Если бы хоть один из них позволил единственной слезинке навернуться на глаза, оба разрыдались бы. Но и тот и другая хотели показать, какая у них воля. Даже чувствам своим они могут приказывать!
– Берете вы на себя эту обязанность? – спросила графиня.
Иван молча кивнул.
– Тогда вы сами ее похороните, ибо я, пока жива, не войду в бондаварский склеп. Вы знаете почему.
Несколько мгновений оба молчали. Затем снова заговорила Теуделинда:
– Никаких попов! Я не могу их видеть! Будь проклят и тот, кто выманил меня из моего затворничества, где я до сих пор пребывала бы в уверенности, что каждую ночь беседую с душами своих предков; не отправилась бы я по свету искушать судьбу, не приехала бы ко мне Ангела, не стал бы брат мой Тибальд посмешищем всего света, не разворошили бы этот ад под бондаварским замком. Я никогда не знала бы вас! И не случилось бы того, что случилось!.. Не хочу больше видеть попов, не хочу слышать песнопений!
Она снова задумалась.
– Впрочем, почему бы вам и не узнать? Ангела в последние дни перешла в протестантскую веру, чтобы развестись с мужем. Вы ведь тоже протестант, не так ли? Ну, да что вам до этого. Вообще не нужно никакого священника. Люди тихо и мирно донесут гроб до склепа; там я расстанусь с вами, ибо внутрь не войду. Вы прочитаете над ней молитву, если вы можете молиться. Я даже этого не могу, и там мы простимся. Adieu! Вы поставите гроб на уготованное ему место. А я вернусь туда, где меня никто не ждет.
Иван позвал четырех рабочих, которые снова подняли гроб на плечи и по коридору через заднюю дверь вынесли в сад.
Английский сад отделял здание правления от замка.
Когда они шли по извилистым дорожкам сада, деревья, прощаясь, роняли на гроб желтые листья. Зяблики в ветвях пели над Ангелой заупокойную песнь.
Иван с непокрытой головой шел за гробом; следом за ним, но не рядом, медленно ступала графиня Теуделинда.
Когда они подошли к дверям склепа, Иван велел опустить гроб, склонился над ним и надолго замер в такой позе.
Быть может, в этом и заключалась его молитва.
Бог слышит, даже если к нему не обращаются громогласно. Он слышит, даже если к нему обращены не слова, а чувства.
Теуделинда склонилась к Ивану и через траурную вуаль запечатлела поцелуй на его лбу.
– Благодарю, что вы проводили ее сюда с непокрытой головой.
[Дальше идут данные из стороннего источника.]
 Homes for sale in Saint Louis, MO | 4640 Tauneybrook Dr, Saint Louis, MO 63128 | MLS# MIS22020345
Теперь она ваша.
С этими словами графиня заспешила обратно по извилистым дорожкам сада, словно боялась, что Иван передумает и вернет ей врученное ему на вечное хранение сокровище.
Иван дал знак внести гроб в фамильный склеп бондаварских аристократов, установить его на скорбном ложе и отпустил людей.
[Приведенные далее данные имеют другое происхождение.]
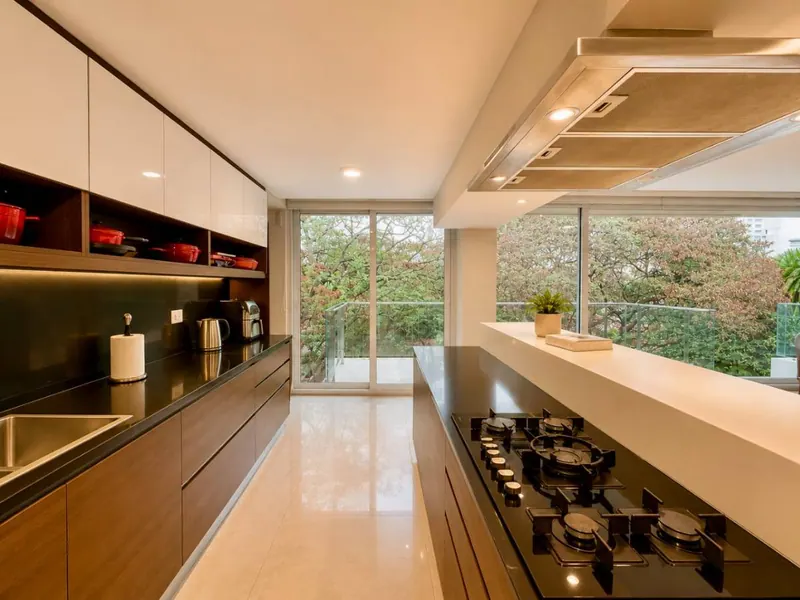 Departamento de 220 m² en venta en Equipetrol, cerca de la San Martín: foto 5 de 8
Сам он еще задержался в склепе и при свете догорающей свечи прочел письмо, в котором умирающая графиня начертала ему прощальные слова.
Ее последними словами были:
«Кого ж я стану ждать на северной заре?»
Иван глубоко вздохнул:
«А меня кто станет ждать на северной заре?»
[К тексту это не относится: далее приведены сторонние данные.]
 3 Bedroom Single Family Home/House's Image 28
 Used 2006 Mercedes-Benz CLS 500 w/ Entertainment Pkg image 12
Когда он возвратился из склепа к себе домой, дорожная карета графини Теуделинды и погребальный катафалк исчезли бесследно.
Каждый скорбит по-своему
Итак, ушли обе: и знатная дама, и деревенская девушка: ушли туда, где нет красивых и нет виновных.
Одну из них поглотил уголь, другую унес огонь. Два мстительных духа! За то, что Иван покорил их, заставил служить себе, они убили обеих женщин, единственных на всем белом свете, на кого у Ивана еще оставались какие-то права.
Горькое право вспоминать их.
Теперь он лишился последнего мучительного наслаждения.
Ибо красавица, которая отвергла тебя и посвятила свою жизнь другому человеку, – еще твоя.
И светская дама, которая любила тебя и любя умерла и которую ты похоронил, – тоже еще твоя.
Но красавица, что принадлежала другому и умерла тоже ради другого, – от нее тебе ничего не осталось. Словно ее и не было!
Иван почувствовал, что теперь он один в целом мире.
А ведь он отдал бы всю свою славу, лишь бы спасти хоть одну из них.
Он оплакивал обеих.
Он не носил ни траурного платья, ни черного крепа на шляпе. К чему это?
Европеец в знак траура носит черные одежды, китаец – желтые, мусульманин – пепельно-серые; в античный период цветом скорби был белый, у древних мадьяр – лиловый; еврей оплакивает покойника, разрывая одежды; философ оплакивает его в сердце своем.
Скорбь мудрого не в том, чтобы делиться своей печалью с другими. А напротив: в том, чтобы отдать другим свои радости.
В домишках долины Бонда поселилось благополучие. На месте глухих лесов выросли деревни.